__PROBLEM DESCRIPTION__
Starting with the line that contains "City Retreat", repeat exactly every line through the last one in the records below, and leave out the pictures.

++++ EXTRACTED MATERIAL ++++

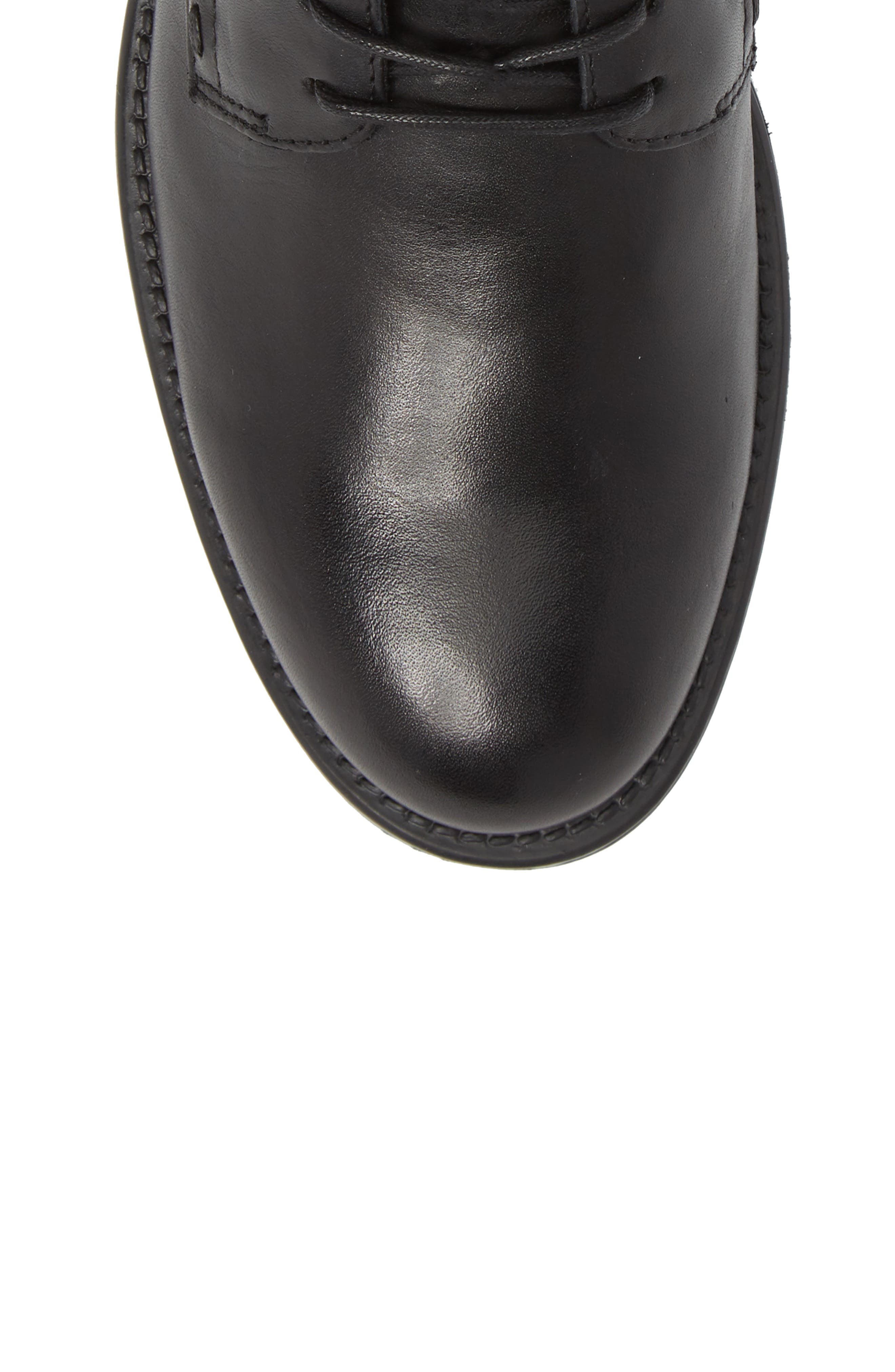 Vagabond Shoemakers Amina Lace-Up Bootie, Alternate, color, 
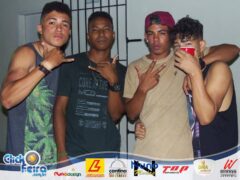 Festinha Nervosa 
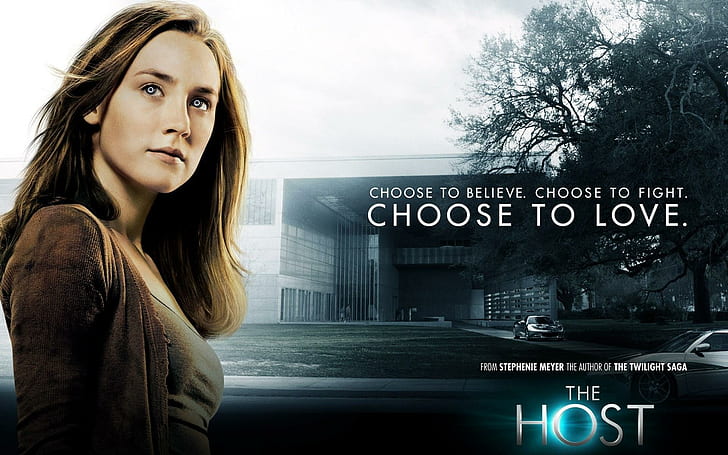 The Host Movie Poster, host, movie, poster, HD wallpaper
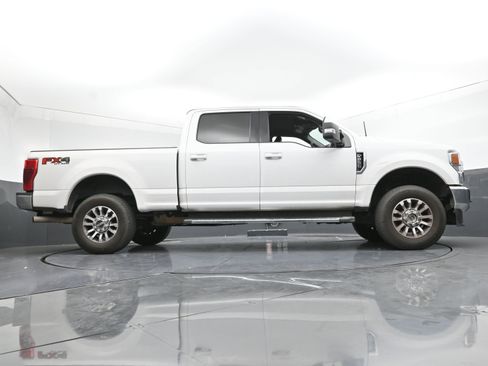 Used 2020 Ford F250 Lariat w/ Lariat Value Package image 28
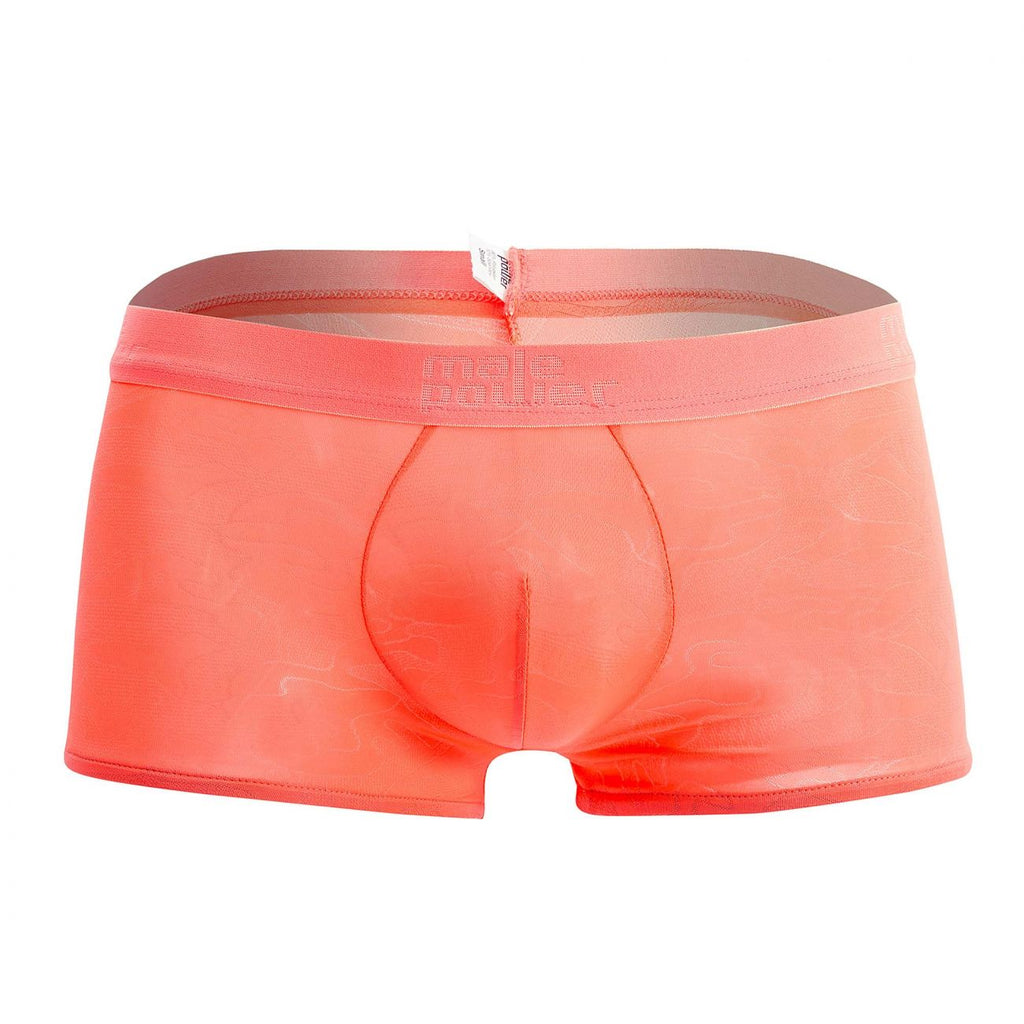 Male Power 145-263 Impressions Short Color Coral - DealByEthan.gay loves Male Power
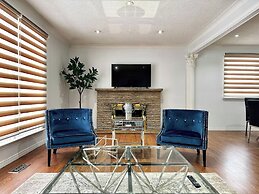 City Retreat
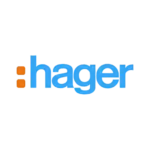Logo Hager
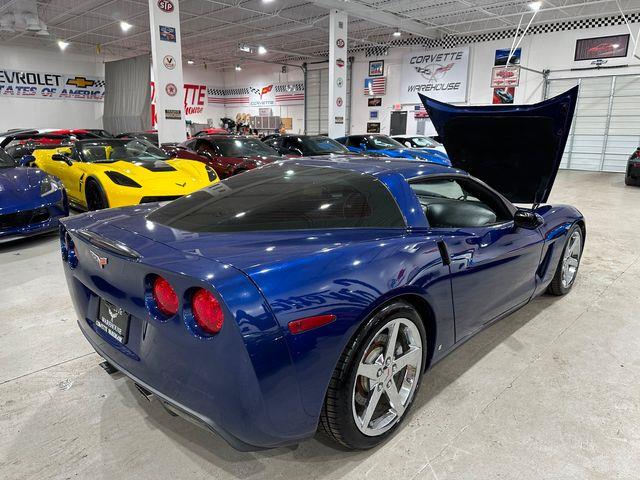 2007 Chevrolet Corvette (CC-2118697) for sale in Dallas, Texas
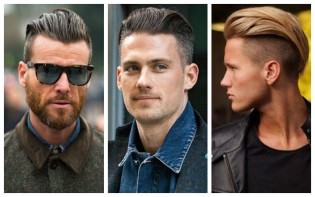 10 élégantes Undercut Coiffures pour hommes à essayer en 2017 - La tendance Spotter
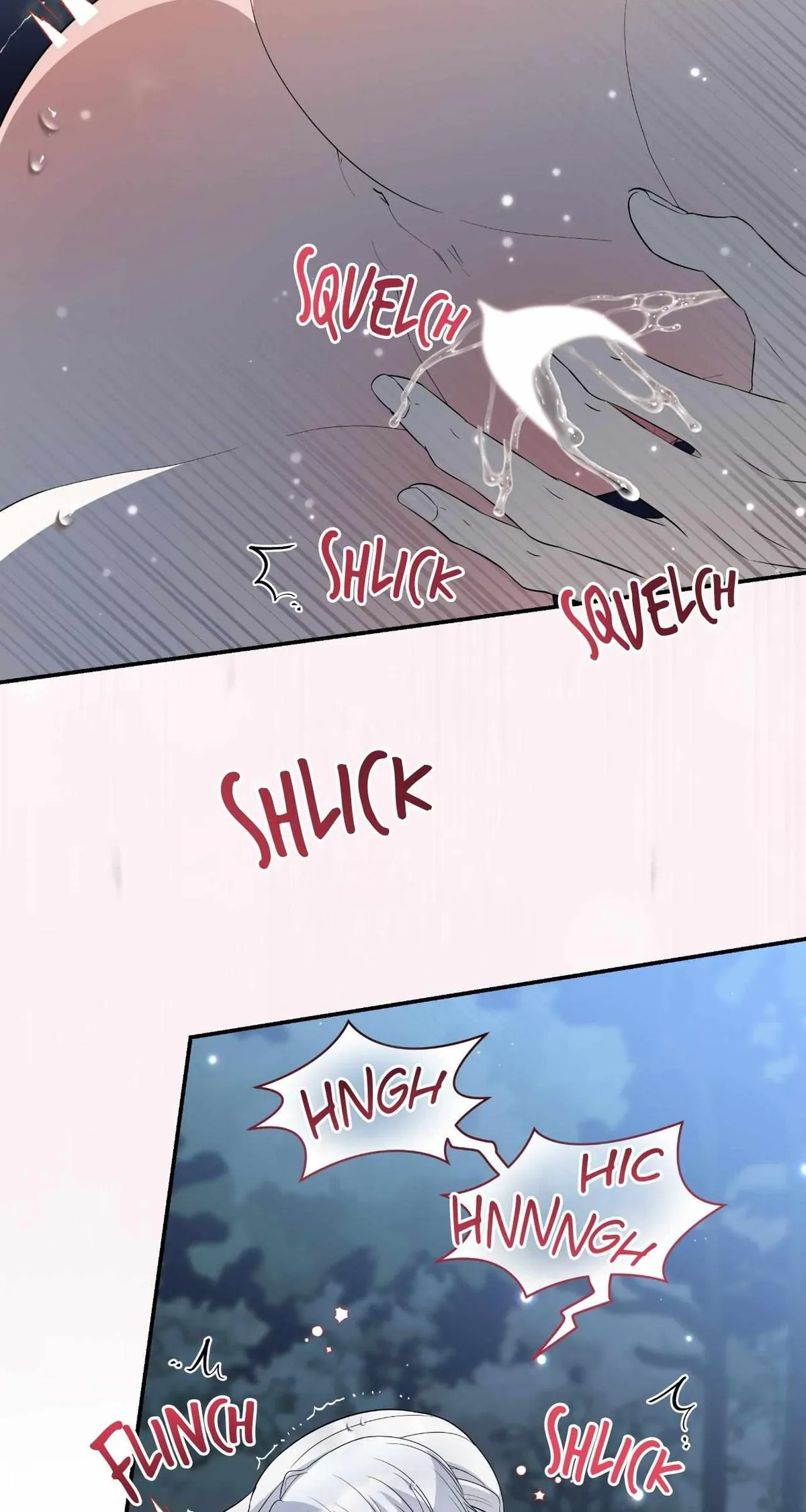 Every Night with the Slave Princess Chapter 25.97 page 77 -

++++

__THE ANSWER__
 City Retreat
Logo Hager
 2007 Chevrolet Corvette (CC-2118697) for sale in Dallas, Texas
 10 élégantes Undercut Coiffures pour hommes à essayer en 2017 - La tendance Spotter
 Every Night with the Slave Princess Chapter 25.97 page 77 -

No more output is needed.